Tylko ponieważ Wolter na angielskim nie uważał, to nie wiedział, że społeczeństwo heterogeniczne to takie społeczeństwo które zawiera w sobie i toleruje różnice, w tym seksualne. Heterogenous znaczy "różnorodny, niejednorodny", a nie heteroseksualny albo heteronormatywny, jak się to przyjezdnemu wydawało. Bo wicie, rozumicie, tu hetero i tam hetero.
Heterogeniczne są Stany Zjednoczone, Kanada, Australia. W wysokim stopniu także Polska, dopóki ktoś nie próbuje jej obywatelom upychać ideologii LGBT na siłę.
Społeczeństwo, które LGBT wyklucza i toleruje tylko jeden zestaw standardów społecznych, w tym preferencji seksualnych, to społeczeństwo jednorodne, homogeniczne (homogenous).
Homogeniczna jest Arabia Saudyjska, Iran.
A zatem, niech się Wolter zdecyduje – czy krwawy kaczyzm chce zaprowadzić w Polsce społeczeństwo heterogeniczne, czy homogeniczne. A na przyszłość, każdemu radzę – jeśli chce przemawiać w języku dla niego obcym, niech da najpierw tekst do przeczytania komuś, kto ten język zna.

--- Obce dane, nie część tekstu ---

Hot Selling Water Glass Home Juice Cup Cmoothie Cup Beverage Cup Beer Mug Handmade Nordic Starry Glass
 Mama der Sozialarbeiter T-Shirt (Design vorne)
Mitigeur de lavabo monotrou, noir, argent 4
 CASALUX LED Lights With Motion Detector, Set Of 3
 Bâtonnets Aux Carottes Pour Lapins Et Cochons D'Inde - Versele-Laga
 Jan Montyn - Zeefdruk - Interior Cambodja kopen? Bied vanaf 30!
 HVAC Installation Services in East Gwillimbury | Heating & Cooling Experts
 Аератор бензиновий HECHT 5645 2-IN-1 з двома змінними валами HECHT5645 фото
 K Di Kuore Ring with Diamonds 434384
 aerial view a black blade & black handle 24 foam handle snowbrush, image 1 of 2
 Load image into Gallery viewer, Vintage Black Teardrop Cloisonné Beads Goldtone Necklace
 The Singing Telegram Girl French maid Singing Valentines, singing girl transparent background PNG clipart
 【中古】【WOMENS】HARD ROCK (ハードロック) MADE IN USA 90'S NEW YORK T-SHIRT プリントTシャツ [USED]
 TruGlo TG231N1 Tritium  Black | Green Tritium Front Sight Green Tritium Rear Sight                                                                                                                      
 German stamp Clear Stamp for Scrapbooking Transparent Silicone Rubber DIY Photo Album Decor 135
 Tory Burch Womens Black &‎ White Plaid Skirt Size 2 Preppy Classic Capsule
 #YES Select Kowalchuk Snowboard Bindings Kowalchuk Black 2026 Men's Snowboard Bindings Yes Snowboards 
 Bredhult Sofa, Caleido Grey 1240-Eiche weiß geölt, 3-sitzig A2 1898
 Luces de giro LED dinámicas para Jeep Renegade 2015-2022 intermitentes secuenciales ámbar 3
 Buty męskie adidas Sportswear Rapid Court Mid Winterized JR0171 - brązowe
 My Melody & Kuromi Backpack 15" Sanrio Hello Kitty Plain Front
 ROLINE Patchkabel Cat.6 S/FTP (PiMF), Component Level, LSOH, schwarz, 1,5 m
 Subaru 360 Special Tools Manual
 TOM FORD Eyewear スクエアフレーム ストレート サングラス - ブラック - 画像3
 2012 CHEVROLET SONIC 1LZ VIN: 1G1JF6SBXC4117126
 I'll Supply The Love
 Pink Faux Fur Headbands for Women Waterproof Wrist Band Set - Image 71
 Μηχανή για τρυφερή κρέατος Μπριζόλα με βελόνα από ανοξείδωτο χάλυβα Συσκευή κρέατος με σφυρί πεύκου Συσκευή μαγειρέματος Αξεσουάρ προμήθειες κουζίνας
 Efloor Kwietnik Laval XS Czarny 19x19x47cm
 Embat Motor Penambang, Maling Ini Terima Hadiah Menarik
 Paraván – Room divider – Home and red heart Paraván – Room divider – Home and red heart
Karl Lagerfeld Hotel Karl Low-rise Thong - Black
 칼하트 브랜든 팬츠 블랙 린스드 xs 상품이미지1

PS. A poza tym, żadne LGBT tylko LGBTIQAA (Lesbian, Gay, Bisexual, Transexual, Intersex, Queer, Asexual and Allies). Jako osoba A, czyli aseksualna (z powodu wieku), mam zamiar skarżyć do Strasbourga i Hagi każdego, kto używa skrótu LGBT zamiast poprawnego akronimu LGBTIQAA, ponieważ mój głęboki ból, spowodowany takim wykluczeniem, tylko pierdylion euro może ukoić.